As my HMO-employed doctor called me in after waiting somewhere in the area of thirty-three hours, I recapped what I had seen on ABC over the period of time I was waiting, and could only pray that the pain my doctor inflicted on me would be physical, and not mental. My mind could take no more. I was John McCain on the final plane out of Vietnam. The only thought that came to my mind after recapping what I had seen was a wish for the same thing to happen to Regis Philbin, Kelly Ripa, Rachel Ray, and Felicity Huffman as Bill Hicks once wished would happen to drivers who are the first in line at the red light and the last to see the light turn to green: "Finally, the guy snaps, 'Oh, shit!' and putters through the yellow, and I'm sitting here stuck at the same light. I'm thinking, 'I hope that guy dies on his way home. I hope he gets cut in two by a train in front of his kids. Those kids can watch their moron daddy wiggle on the hot pavement like a worm cut in half. You're too fucking stupid to drive, you should've been a blowjob!"

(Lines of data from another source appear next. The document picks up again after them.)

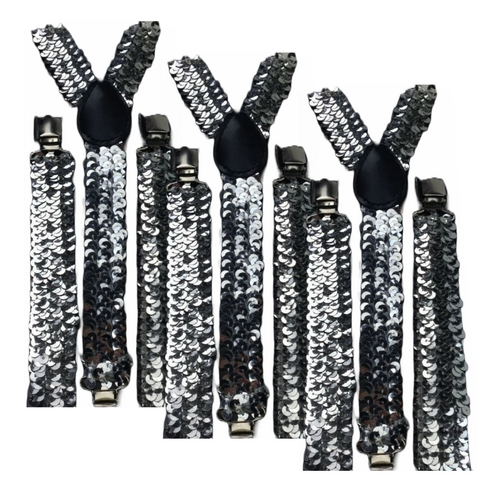 3x Mens Suspenders Braces Adjustable Strong Clip On Elastic Formal Wedding Slim - Silver (Sequin) - Main Image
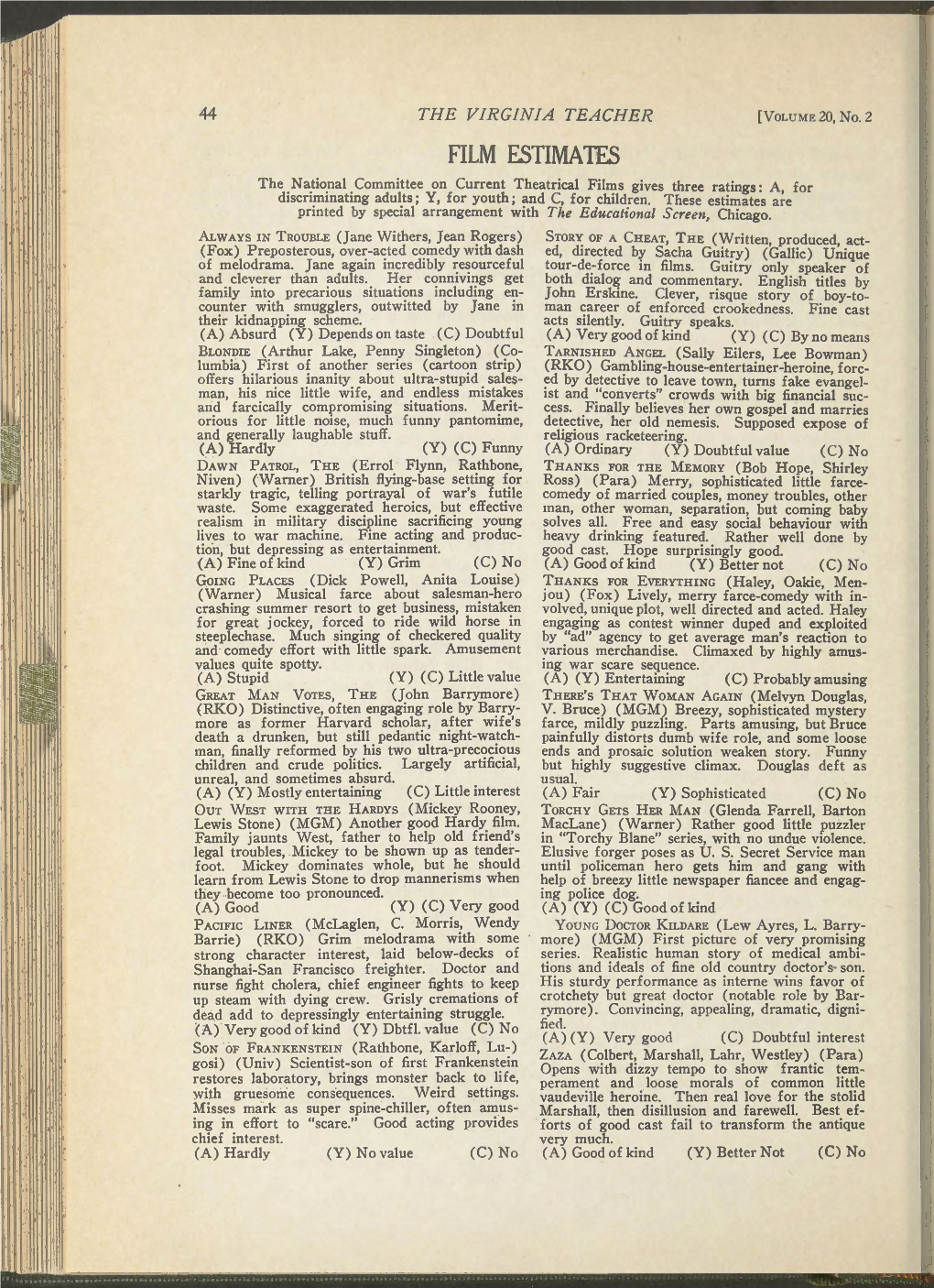 FILM ESTIMATES the National Committee on Current Theatrical Films Gives Three Ratings: A, for Discriminating Adults; Y, for Youth; and C, for Children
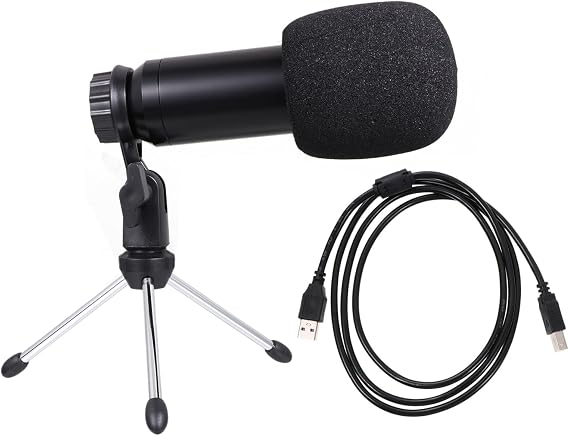 USB Condenser Microphone Bm800 with Tripod Stand 5pcs Set for Desktop PC Laptop Recording Podcast Streaming Black Mesh
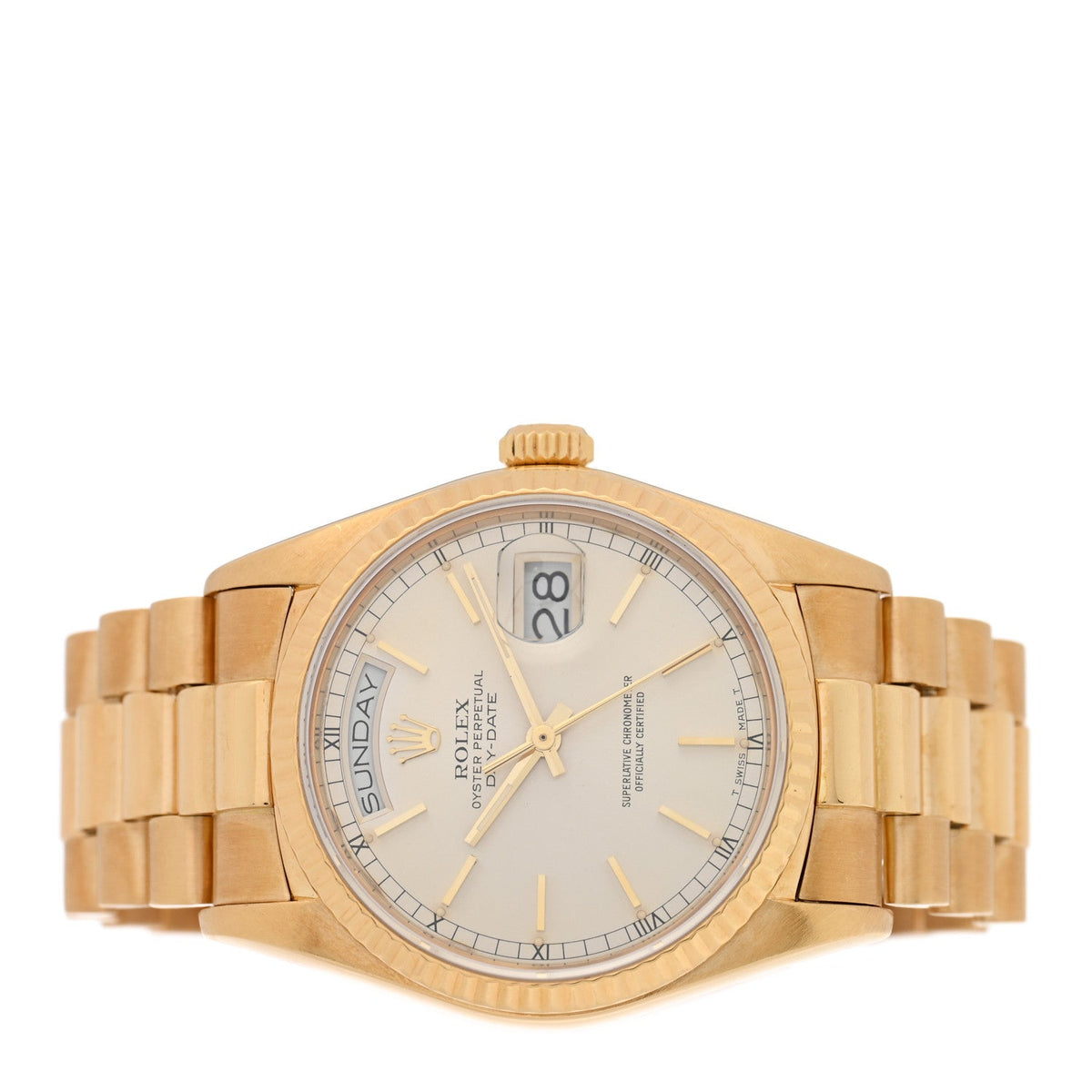 18K Yellow Gold 36mm Oyster Perpetual Day-Date President Watch Silver 18038
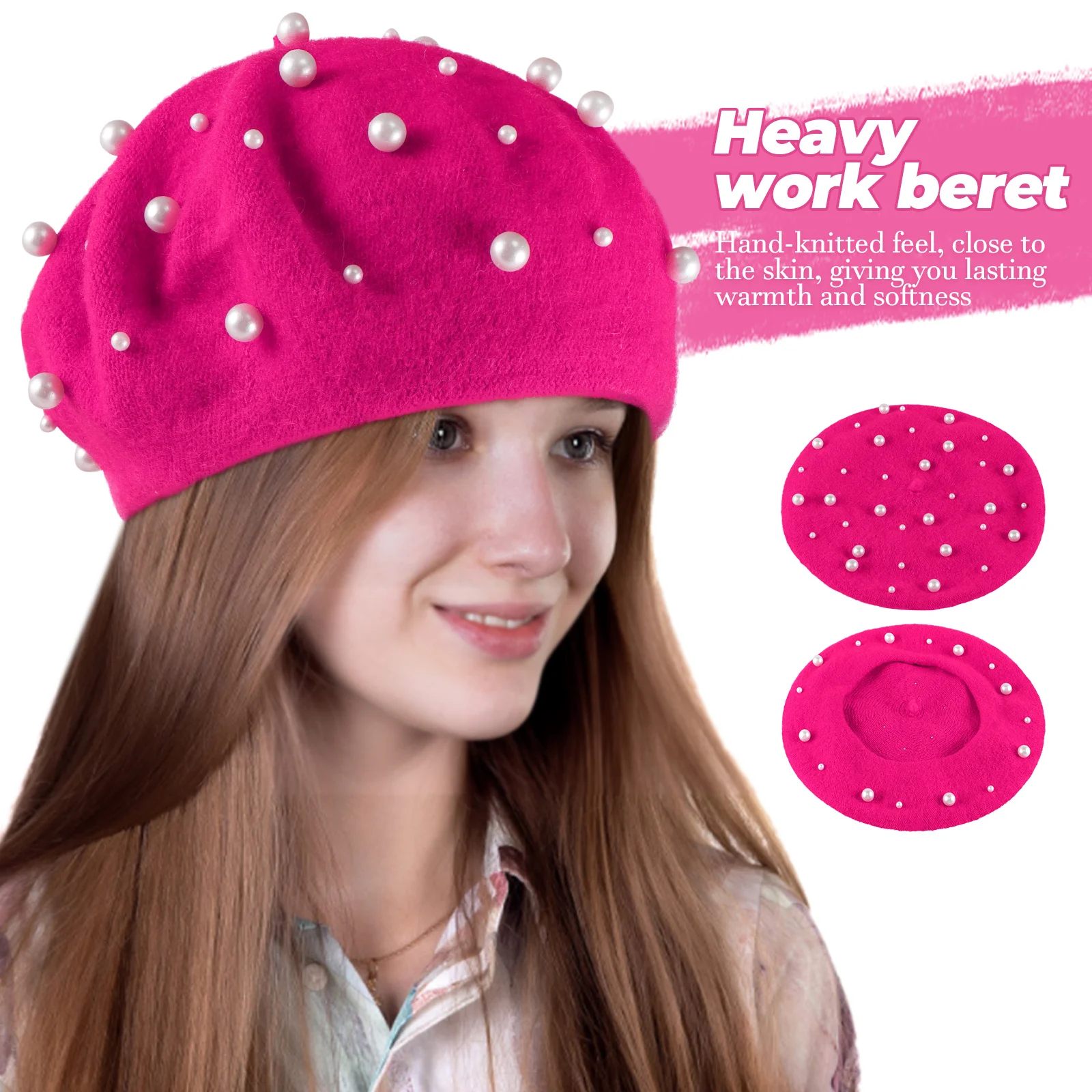 Женский жемчужный берет осенний кашемировый роскошный тяжелый рабочий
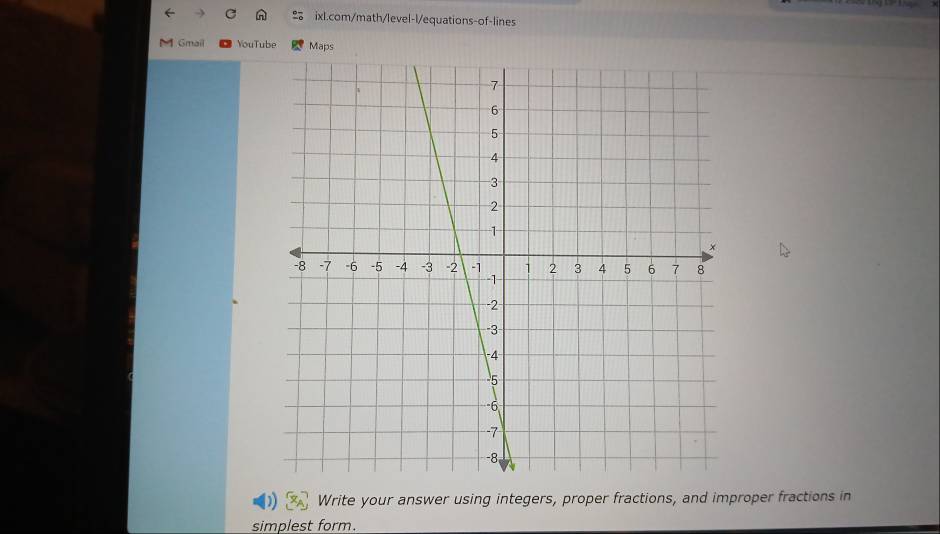 Gmail YouTube Maps 
Write your answer using integers, proper fractions, and improper fractions in 
simplest form.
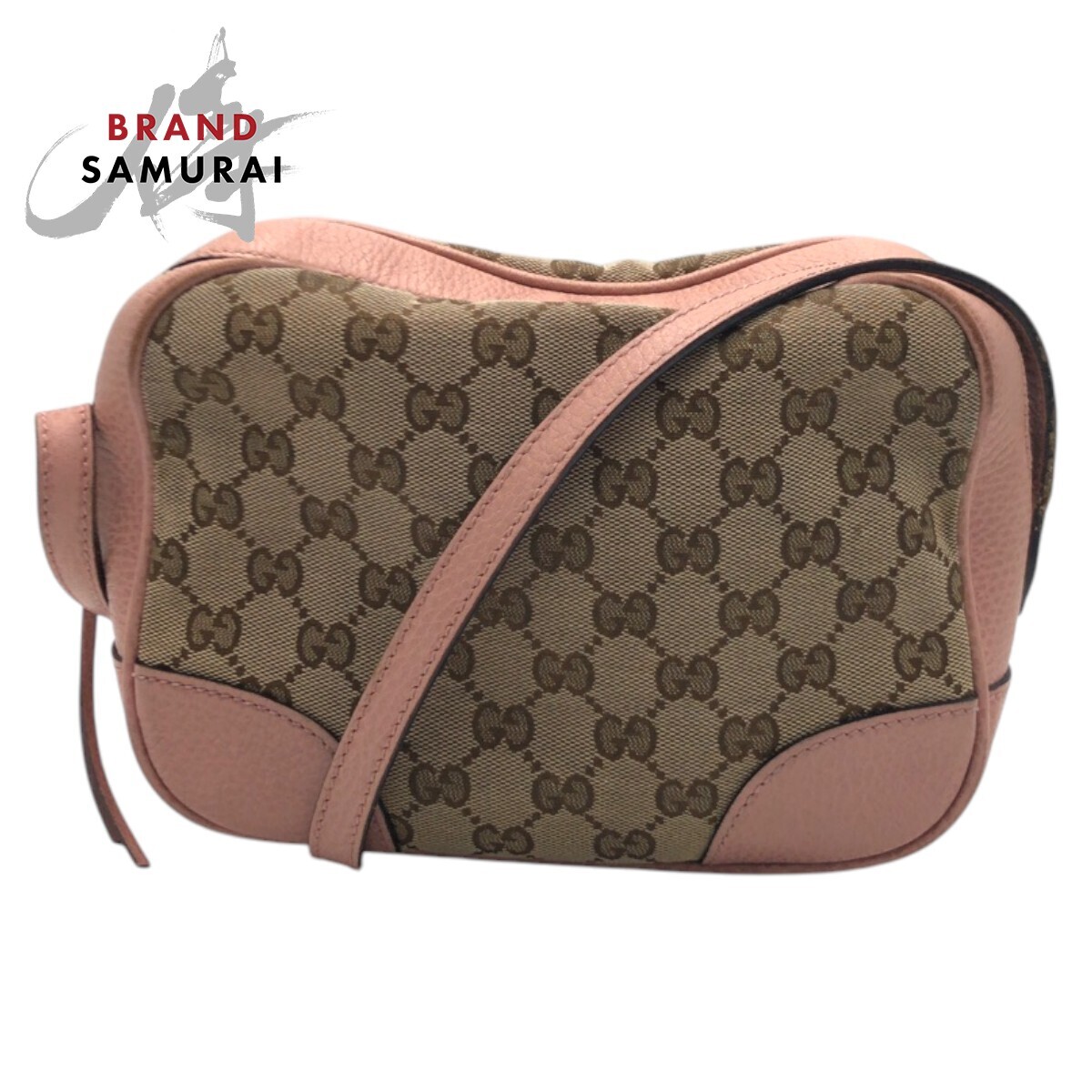 GUCCI グッチ GG柄 ピンク ベージュ ブラウン GGキャンバス/レザー 449413 ショルダーバッグ ポシェット レディース 500112拍卖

It occured to me a moment ago that I would be in the unfortunate position of being unable to knock ABC as a whole because
Day Break was quality entertainment, but then I remembered that ABC fucking cancelled it!
Day Break and
Lost are perfect examples of everything I hate about the two-faced American viewing public. When it comes to
Day Break, the response is, "What, plot devices? No! Why God, why must I be forced to use expend a tiny amount of my neural energy to follow a plotline?" Yet, when a show like
Lost comes on, people exclaim "Ooh, plot devices! How unique and interesting!" completely ignoring the fact that
Lost doesn't have a single plot device, it just has hundreds (literally,
hundreds) of unsolved problems. Plot devices are used to fix seemingly unfixable problems, not create them!
I didn't put up the preceding rant the day said events occured because I had some shit to do (SEE: Recovering via an IV drip of grain whisky directly into my temples, as well as mechnical and visual stimulation in the form of
Knuckles the Enchinda in Sonic the Hedgehog), so I decided I would reward you for reading this far and thus proving yourself more patient than the average American public by inflicting further pain on myself: I was going to provide you with an account of an intentional follow-up viewing of ABC morning television. Unfortunately, I turned it on a few minutes late, so I was forced to throw something large enough at my television to destroy it completely with a single blow when I saw that I was just in time for the obligatory low-angle shot of Rachel Ray from behind. When Dr. Phil talks about apples and pears, he isn't fucking around.
P. S. - This is already a month and a half past, but Brett Favre refused to retire yet again. Maybe the additional season of play for him will allow football commentators to finally make their insane commentaries sound cohrent on how it's the open receivers' fault when Brett Favre overthrows a pass to them by thirty yards.
P. P. S. - In the future, expect postscripts. Lots of them.
P. P. P. S. - Beware the Ides of March. Always.